Re: [RFC PATCH 00/10] EDAC/RAS: Hygon Family 0x18 UMC ECC address translation

From: Aichun Shi

Date: Wed May 20 2026 - 21:47:43 EST

On 5/14/2026 11:08 PM, Borislav Petkov wrote:

On Fri, Apr 03, 2026 at 06:57:24PM +0800, Aichun Shi wrote:

Hi all,

This is an RFC (Request For Comments) for the patch series that proposes
Hygon Family 0x18 (models 0x4-0x8) support for UMC ECC error address
translation, aligned with the existing AMD EDAC + AMD ATL layering in
mainline.

Please go over all review comments and address:

https://sashiko.dev/#/patchset/cover.1775213147.git.shiaichun%40open-hieco.net

Hi Boris,
Please see my comments below, and I will send RFC V2 soon.

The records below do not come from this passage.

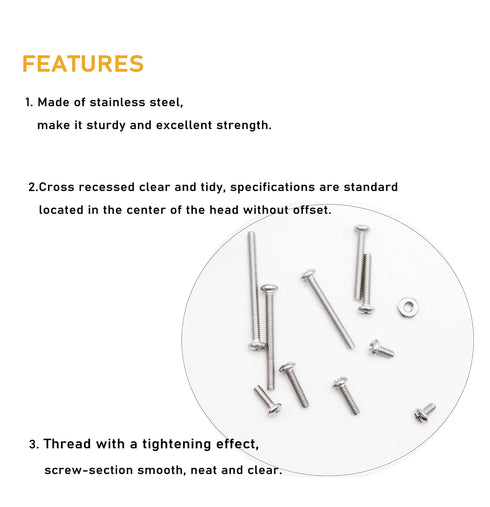 binifiMux 300pcs Assortment Kit of 2-56 Pan Phillips Machine Screws & Hex Nuts, 304 Stainless Steel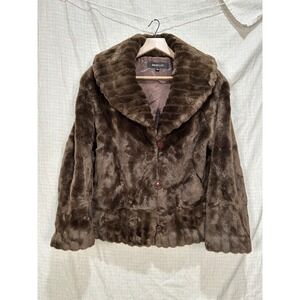 Siena Studio Brown Faux Fur Shawl Collar Button Front Jacket Womens Large #2171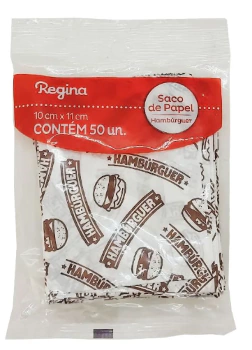 SACO PAPEL ESTAMPADO HAMBURGUER TAMANHO P COM 50 UNIDADES - 01 UNIDADE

Patch 2: [RFC PATCH 02/10] ras/amd/atl: Add Hygon DF1 DRAM address map decoding helper
Result:
Critical: 0 · High: 1 · Medium: 0 · Low: 0

+static u8 hygon_get_num_intlv_chan(struct addr_ctx *ctx)
+{
+ switch (ctx->map.intlv_mode) {
+ case NONE:
+ return 1;
+ case NOHASH_2CHAN:
+ return 2;
+ case HYGON_DF1_3CHAN:
+ return 3;
+ case NOHASH_4CHAN:
+ return 4;
+ case NOHASH_8CHAN:
+ return 8;
+ case NOHASH_16CHAN:
+ return 16;
+ case NOHASH_32CHAN:
+ return 32;
+ default:
+ atl_debug_on_bad_intlv_mode(ctx);
+ return 0;
+ }
+}

In hygon_df_get_intlv_mode(), an initial value of 8 is explicitly mapped to
DF2_2CHAN_HASH. However, the switch statement in hygon_get_num_intlv_chan()
checks for NOHASH_32CHAN (which is enum value 0x08) but does not have a case
for DF2_2CHAN_HASH.
Does this code fail to handle the DF2_2CHAN_HASH interleave mode?
If DF2_2CHAN_HASH is used, the switch will fall through to the default case
and return 0 channels. This 0 propagates into ctx->map.total_intlv_chan
and ctx->map.total_intlv_bits.
Later in the address translation pipeline, calculating the coherent station
ID uses order_base_2(ctx->map.num_intlv_chan). Because order_base_2(0)
returns 0, this causes GENMASK(num_intlv_bits - 1, 0) to evaluate to
GENMASK(-1, 0), producing ~0UL.
Can this corrupt the translated system physical address by mangling the
subsequent die/socket bit shifts and ORing the invalid station ID directly
over the address bits?
Should DF2_2CHAN_HASH be included in this switch block?

Will fix in RFC V2.

Patch 3: [RFC PATCH 03/10] ras/amd/atl: Add Hygon DF1 normalized address denormalization helper
Result:
Critical: 0 · High: 3 · Medium: 0 · Low: 0

+static u16 hygon_get_coh_st_id_df(struct addr_ctx *ctx)
+{
+ u8 num_socket_intlv_bits = ilog2(ctx->map.num_intlv_sockets);
+ u8 num_die_intlv_bits = ilog2(ctx->map.num_intlv_dies);
+ u16 coh_st_id = ctx->coh_st_fabric_id;
+ u16 mask;
+ u8 intlv_bit_pos = ctx->map.intlv_bit_pos;
+ u8 num_intlv_bits = order_base_2(ctx->map.num_intlv_chan);
+
+ if (ctx->map.intlv_mode == HYGON_DF1_3CHAN) {
+ u8 cs_offset;
+ u16 dst_fabric_id = hygon_get_dst_fabric_id(ctx);
+ u64 temp_addr_x;
+
+ cs_offset = (ctx->coh_st_fabric_id & 0x3) - (dst_fabric_id & 0x3);

If the base and target IDs cross a multiple-of-4 boundary (for example, if
the base ID is 2 and the target ID is 4), does this subtraction underflow?
Since cs_offset is a u8, (4 & 3) - (2 & 3) would evaluate to 0 - 2, wrapping
around to 254.

+ if (cs_offset > 3) {

And cause this check to falsely evaluate to true, rejecting a valid topology?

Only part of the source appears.